On March 12, the House unanimously passed approval for $9.8 million in Capital Improvement Funds to go toward the nine-classroom science and technology building for Waimea Middle School included in House Bill 1700, House Draft 1, proposed by Rep. Cindy Evans.
The $9.89M appropriation would be combined with $5 million in Capital Improvement Project funds authorized by the 2013 Legislature to construct the building. The bill now goes to the Senate for approval, then to the governor.
“This will be a game changer for the community,” said Rep. Evans said of the future WMS science and technology building during a visit to the school with Principal Matt Horne on March 16.
There are more than 285 sixth through eighth graders at Waimea Middle School. The school has been working with the Department of Education on the science-technology building since 2003. The Legislature authorized $1million for planning, design, and engineering in 2007, which is separate from the $5 million CIP funding for the project secured by Sen. Malama Solomon and Rep. Cindy Evans in 2013.
“This has been many, many years coming to fruition,” Evans said. “It has been a journey getting them a facility that supports the curriculum. Because if you don’t have the right tools, then how are you going to teach them and prepare them for learning?”
Evans said she thinks it’s important to educate students from K-12, but that the middle school years are critical to their future.
“It is all about school readiness,” Evans said. “Next they are going to go into high school.”
She said that an emphasis in STEM in middle school is an emphasis in “growing the next generation.”
“The workforce is demanding it,” she said. “It will help them with jobs.”
Over the summer, representatives from the House Finance Committee visited the school, including Rep. Sylvia Luke, chairwoman. Members of the Senate also visited.
“It has been 20 plus years since there has been an investment in educational infrastructure in Waimea. It is time,” WMS Principal Matt Horne told the visiting House Finance members. “It is time that we show our kids and our community that we value their education and that we give them the hope for what they can become in the 21st century.
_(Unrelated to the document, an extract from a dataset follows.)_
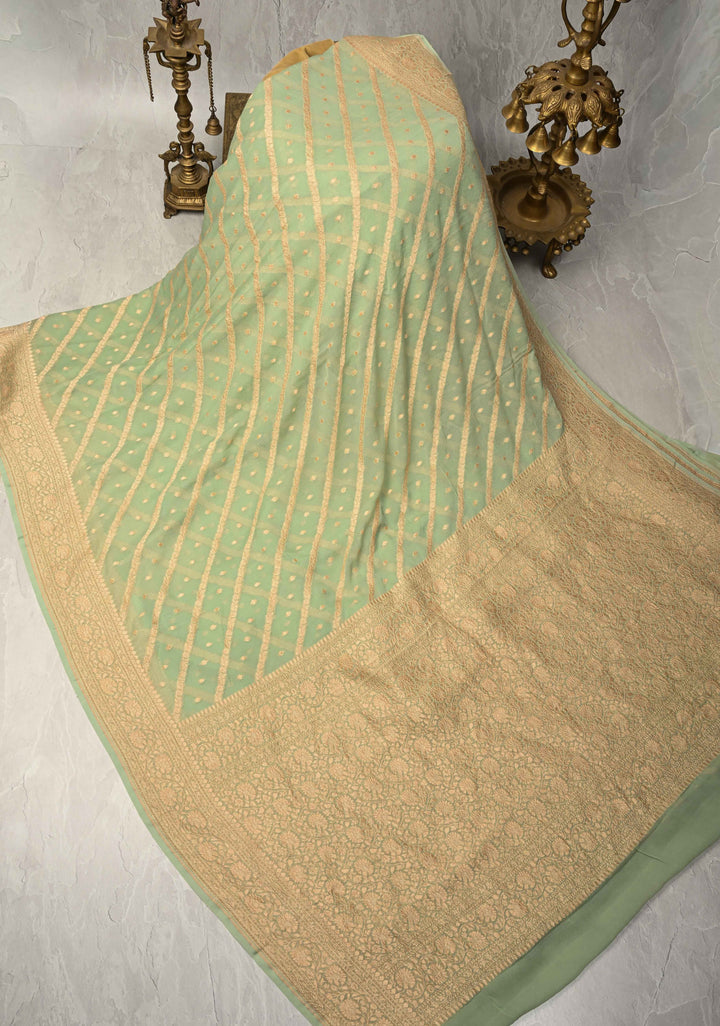 Muted Green Zari Buttis on Banarasi Georgette Silk Saree with Leheria Design and Zari Border | SILK MARK CERTIFIED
This is preparing kids for 21st century learning.”
WMS and the Department of Education are asking to include photovoltaic installation for the science-technology building. Horne said the photovoltaic would help reduce their annual $50,000 electricity bill.
Funding requests include classroom furnishings, technology for classroom use and a paved entry drive. In the plans are an outdoor amphitheater-style classroom that leads to the Mala’ai Culinary Garden for integrated indoor and outdoor science.
According to Horne, the design will help integrate the STEM classroom learning with agriculture.